Nikon 1 J4 vs Z5
The Nikon 1 J4 and the Nikon Z5 are two digital cameras that were revealed to the public, respectively, in April 2014 and July 2020. Both the J4 and the Z5 are mirrorless interchangeable lens cameras that are based on an one-inch (J4) and a full frame (Z5) sensor. The J4 has a resolution of 18.2 megapixels, whereas the Z5 provides 24.2 MP.
Below is an overview of the main specs of the two cameras as a starting point for the comparison.
Going beyond this snapshot of core features and characteristics, what are the differences between the Nikon 1 J4 and the Nikon Z5? Which one should you buy? Read on to find out how these two cameras compare with respect to their body size, their imaging sensors, their shooting features, their input-output connections, and their reception by expert reviewers.
The side-by-side display below illustrates the physical size and weight of the Nikon 1 J4 and the Nikon Z5. The two cameras are presented according to their relative size. Three successive views from the front, the top, and the rear are shown. All size dimensions are rounded to the nearest millimeter.
The J4 can be obtained in four different colors (black, silver, orange, white), while the Z5 is only available in black.
If the front view area (width x height) of the cameras is taken as an aggregate measure of their size, the Nikon Z5 is considerably larger (126 percent) than the Nikon 1 J4. Moreover, the Z5 is substantially heavier (191 percent) than the J4. It is noteworthy in this context that the Z5 is splash and dust-proof, while the J4 does not feature any corresponding weather-sealing.
The above size and weight comparisons are to some extent incomplete since they do not consider the interchangeable lenses that both of these cameras require.
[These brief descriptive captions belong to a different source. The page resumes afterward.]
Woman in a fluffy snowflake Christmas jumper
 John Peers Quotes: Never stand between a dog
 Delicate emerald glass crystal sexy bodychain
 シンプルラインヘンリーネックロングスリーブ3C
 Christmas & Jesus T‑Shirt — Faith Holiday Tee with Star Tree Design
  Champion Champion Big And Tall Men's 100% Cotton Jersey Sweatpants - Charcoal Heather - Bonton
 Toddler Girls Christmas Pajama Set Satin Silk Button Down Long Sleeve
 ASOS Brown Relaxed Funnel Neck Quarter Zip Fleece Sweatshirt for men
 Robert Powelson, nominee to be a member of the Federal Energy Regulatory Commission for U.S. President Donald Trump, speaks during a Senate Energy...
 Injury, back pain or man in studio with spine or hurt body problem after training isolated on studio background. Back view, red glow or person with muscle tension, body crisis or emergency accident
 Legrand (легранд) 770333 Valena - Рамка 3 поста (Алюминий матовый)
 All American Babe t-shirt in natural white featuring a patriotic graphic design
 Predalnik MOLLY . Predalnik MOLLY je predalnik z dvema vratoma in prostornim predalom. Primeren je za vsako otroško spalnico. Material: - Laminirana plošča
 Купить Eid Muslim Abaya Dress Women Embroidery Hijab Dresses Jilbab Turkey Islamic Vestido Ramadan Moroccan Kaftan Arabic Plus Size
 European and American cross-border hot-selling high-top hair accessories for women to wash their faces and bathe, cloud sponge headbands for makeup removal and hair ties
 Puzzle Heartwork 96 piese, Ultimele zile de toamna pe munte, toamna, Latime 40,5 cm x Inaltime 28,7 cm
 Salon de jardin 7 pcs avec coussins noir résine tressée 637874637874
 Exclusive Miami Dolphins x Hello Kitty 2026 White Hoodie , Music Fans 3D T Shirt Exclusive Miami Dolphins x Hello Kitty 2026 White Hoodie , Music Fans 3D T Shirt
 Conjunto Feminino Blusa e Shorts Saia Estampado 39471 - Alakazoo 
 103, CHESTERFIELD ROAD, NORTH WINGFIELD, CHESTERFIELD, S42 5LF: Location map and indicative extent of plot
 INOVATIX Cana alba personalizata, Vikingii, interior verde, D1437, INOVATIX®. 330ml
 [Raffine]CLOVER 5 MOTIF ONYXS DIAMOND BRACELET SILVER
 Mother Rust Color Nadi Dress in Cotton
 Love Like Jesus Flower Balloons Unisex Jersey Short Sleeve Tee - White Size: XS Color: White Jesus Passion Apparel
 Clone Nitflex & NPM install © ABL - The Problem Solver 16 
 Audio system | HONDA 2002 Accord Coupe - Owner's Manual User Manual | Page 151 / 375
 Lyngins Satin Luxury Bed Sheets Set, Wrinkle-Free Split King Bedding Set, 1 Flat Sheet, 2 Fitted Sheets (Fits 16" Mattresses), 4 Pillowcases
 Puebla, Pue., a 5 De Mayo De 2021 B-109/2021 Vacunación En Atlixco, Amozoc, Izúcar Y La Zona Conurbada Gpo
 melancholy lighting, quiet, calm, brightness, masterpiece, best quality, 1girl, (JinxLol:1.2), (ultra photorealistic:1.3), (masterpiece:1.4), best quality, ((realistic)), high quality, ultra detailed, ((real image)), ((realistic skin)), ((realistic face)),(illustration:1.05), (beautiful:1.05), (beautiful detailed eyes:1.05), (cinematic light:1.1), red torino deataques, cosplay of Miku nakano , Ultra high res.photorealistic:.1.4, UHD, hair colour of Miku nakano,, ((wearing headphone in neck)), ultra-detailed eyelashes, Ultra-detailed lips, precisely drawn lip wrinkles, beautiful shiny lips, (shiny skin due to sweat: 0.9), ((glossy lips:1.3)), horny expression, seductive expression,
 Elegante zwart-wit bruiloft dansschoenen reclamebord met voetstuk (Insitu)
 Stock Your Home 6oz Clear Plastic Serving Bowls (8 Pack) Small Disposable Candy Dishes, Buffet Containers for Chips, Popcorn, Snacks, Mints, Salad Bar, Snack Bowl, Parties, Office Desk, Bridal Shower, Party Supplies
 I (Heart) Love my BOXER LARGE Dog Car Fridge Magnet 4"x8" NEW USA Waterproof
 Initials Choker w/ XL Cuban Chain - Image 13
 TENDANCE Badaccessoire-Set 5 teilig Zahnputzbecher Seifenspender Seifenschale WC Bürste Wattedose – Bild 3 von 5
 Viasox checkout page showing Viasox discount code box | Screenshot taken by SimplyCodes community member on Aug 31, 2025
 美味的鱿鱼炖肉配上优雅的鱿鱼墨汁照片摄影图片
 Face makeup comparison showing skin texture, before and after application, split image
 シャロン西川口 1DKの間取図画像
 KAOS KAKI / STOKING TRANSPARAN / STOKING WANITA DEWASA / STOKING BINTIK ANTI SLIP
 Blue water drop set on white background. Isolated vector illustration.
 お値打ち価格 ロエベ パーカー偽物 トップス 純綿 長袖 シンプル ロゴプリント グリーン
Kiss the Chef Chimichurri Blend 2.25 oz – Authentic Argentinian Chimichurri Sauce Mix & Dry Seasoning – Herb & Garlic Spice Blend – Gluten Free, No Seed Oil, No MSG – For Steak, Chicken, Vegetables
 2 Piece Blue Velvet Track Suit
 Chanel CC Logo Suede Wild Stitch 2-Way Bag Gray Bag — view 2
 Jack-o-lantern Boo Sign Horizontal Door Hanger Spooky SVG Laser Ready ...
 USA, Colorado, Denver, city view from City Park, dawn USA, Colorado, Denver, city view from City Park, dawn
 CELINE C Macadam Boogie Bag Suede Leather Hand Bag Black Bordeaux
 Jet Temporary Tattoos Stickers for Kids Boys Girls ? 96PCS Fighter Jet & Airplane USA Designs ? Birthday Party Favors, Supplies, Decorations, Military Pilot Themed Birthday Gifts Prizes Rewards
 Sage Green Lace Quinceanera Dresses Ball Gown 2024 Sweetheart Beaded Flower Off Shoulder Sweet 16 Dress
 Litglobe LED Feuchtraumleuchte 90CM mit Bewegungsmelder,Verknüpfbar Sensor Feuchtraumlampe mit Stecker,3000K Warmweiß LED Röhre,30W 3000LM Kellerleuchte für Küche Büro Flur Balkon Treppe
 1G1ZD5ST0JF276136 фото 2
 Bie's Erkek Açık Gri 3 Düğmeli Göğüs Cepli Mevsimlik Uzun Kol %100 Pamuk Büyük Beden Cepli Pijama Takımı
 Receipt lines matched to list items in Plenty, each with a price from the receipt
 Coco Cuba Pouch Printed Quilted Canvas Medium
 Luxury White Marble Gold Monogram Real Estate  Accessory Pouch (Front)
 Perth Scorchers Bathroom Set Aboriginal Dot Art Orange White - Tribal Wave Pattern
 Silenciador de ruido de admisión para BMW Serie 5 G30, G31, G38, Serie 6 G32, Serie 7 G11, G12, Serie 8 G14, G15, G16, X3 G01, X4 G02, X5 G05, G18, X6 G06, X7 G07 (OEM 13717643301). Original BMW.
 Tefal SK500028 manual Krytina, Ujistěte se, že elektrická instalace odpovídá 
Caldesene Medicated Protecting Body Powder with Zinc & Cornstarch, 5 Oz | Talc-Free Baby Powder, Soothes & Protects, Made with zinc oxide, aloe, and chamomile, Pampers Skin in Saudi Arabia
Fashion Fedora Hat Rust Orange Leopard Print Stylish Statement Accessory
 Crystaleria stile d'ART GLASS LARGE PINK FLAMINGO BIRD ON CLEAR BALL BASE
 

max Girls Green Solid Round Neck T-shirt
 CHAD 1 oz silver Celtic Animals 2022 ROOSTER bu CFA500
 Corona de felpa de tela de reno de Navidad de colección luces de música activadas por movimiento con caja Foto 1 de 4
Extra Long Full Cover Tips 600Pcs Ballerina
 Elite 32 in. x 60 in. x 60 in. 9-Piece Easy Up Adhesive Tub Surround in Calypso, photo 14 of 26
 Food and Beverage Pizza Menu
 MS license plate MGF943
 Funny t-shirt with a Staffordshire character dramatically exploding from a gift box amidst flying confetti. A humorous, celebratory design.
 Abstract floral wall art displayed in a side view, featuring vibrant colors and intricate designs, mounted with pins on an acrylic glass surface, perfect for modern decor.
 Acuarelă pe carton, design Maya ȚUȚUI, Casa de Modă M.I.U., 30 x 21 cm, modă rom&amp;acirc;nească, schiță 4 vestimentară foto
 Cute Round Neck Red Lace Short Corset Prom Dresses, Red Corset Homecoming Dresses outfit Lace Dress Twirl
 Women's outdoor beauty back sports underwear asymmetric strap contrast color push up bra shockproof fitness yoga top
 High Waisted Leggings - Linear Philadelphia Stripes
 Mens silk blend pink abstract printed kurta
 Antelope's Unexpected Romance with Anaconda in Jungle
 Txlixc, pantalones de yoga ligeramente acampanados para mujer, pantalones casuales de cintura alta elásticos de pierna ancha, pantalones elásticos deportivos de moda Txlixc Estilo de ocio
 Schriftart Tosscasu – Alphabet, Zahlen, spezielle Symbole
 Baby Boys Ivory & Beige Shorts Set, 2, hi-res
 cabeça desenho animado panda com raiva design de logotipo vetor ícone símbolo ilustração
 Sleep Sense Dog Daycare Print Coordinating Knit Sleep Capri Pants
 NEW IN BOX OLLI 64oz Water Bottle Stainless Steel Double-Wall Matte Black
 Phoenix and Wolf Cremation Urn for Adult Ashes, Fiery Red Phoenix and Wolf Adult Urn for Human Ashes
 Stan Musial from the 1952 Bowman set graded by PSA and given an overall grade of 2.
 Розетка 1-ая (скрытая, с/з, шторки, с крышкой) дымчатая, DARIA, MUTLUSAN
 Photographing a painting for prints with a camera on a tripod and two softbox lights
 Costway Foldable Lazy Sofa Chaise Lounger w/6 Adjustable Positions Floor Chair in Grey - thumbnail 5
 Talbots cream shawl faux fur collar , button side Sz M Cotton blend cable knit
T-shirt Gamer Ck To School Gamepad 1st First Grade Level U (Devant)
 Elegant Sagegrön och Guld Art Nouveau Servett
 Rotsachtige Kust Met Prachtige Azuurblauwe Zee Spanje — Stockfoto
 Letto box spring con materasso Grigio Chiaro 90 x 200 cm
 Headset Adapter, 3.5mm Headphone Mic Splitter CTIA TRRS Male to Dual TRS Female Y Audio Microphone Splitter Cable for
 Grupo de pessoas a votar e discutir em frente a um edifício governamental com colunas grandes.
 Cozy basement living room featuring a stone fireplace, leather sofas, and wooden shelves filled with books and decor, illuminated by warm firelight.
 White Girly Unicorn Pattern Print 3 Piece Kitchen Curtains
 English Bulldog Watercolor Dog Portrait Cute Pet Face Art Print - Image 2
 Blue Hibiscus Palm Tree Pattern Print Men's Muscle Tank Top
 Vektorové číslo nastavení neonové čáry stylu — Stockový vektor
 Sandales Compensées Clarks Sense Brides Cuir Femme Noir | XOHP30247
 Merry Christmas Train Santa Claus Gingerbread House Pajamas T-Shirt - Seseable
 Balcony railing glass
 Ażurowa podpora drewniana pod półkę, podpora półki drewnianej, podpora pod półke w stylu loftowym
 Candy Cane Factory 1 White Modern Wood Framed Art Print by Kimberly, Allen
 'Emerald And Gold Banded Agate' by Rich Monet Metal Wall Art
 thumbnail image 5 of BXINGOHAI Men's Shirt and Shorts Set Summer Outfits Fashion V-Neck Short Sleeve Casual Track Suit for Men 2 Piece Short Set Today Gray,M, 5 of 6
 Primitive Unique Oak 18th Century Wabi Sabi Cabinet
Hence, you might want to study and compare the specifications of available lenses in order to get the full picture of the size and weight of the two camera systems.
The power pack in the Z5 can be charged via the USB port, which can be very convenient when travelling.
The table below summarizes the key physical specs of the two cameras alongside a broader set of comparators. If you want to switch the focus of the display and review another camera pair, you can move across to the CAM-parator tool and choose from the broad selection of possible camera comparisons there.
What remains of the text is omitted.